======== DATA SEGMENT ========
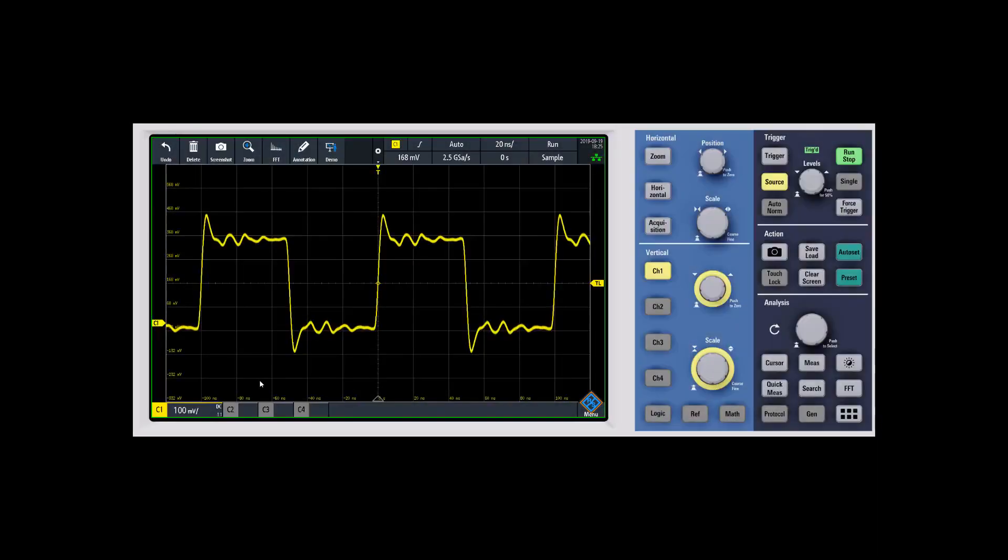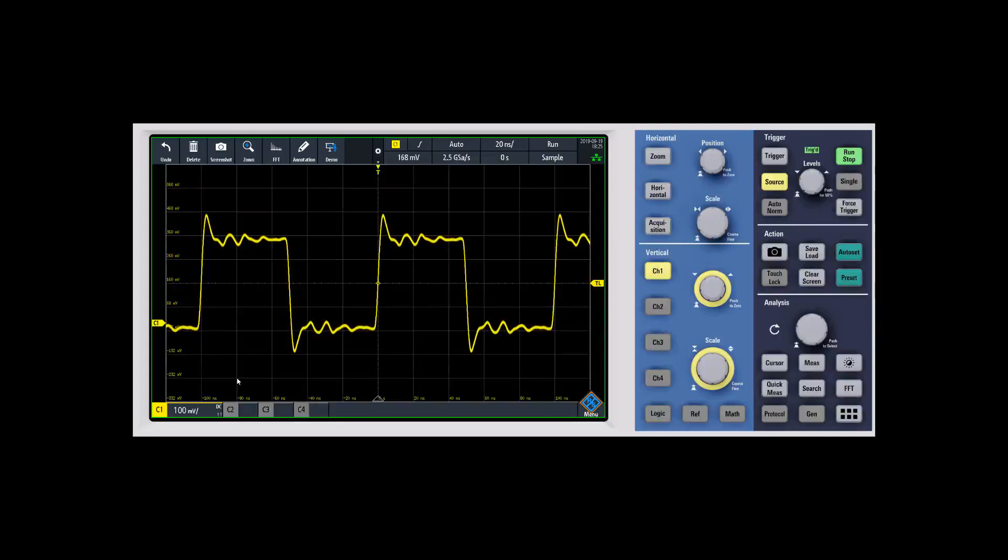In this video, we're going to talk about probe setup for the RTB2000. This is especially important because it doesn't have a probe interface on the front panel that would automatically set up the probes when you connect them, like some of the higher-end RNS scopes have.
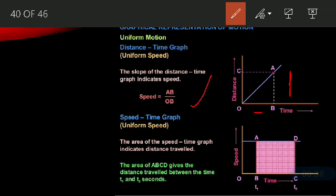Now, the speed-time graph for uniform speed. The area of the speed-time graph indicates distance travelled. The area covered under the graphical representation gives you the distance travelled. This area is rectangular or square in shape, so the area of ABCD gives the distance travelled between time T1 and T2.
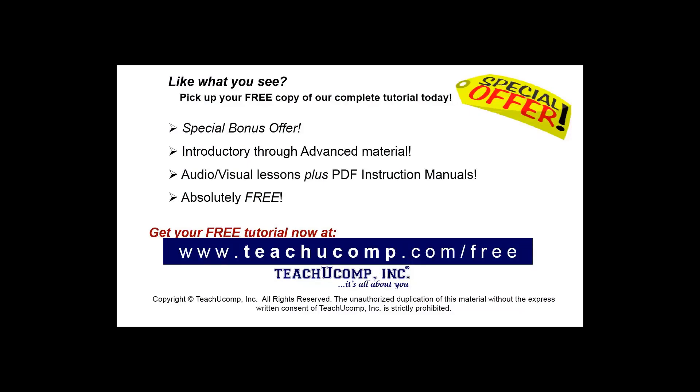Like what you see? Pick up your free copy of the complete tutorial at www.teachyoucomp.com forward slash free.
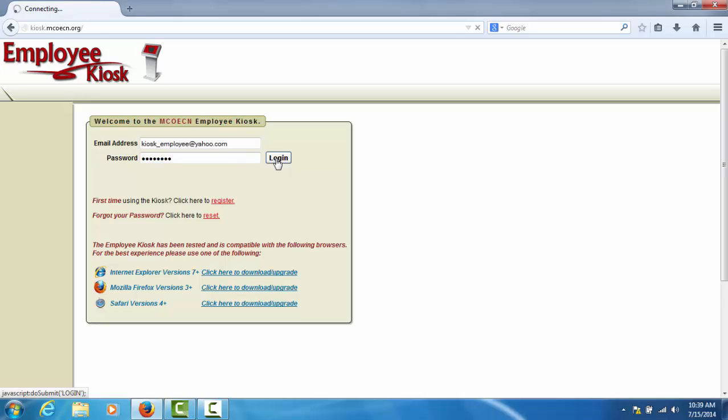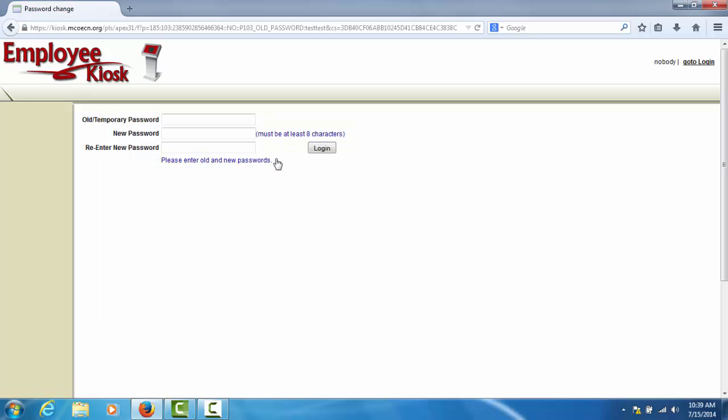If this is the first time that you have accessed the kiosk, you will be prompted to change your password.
========
**WORK INSTRUCTIONS:**
From the first line to the last, transcribe the listing exactly; skip the pictures.

**EXERCISE ANSWER:**
In this video, we're going to talk about probe setup for the RTB2000. This is especially important because it doesn't have a probe interface on the front panel that would automatically set up the probes when you connect them, like some of the higher-end RNS scopes have.
Now, the speed-time graph for uniform speed. The area of the speed-time graph indicates distance travelled. The area covered under the graphical representation gives you the distance travelled. This area is rectangular or square in shape, so the area of ABCD gives the distance travelled between time T1 and T2.
Like what you see? Pick up your free copy of the complete tutorial at www.teachyoucomp.com forward slash free.
If this is the first time that you have accessed the kiosk, you will be prompted to change your password.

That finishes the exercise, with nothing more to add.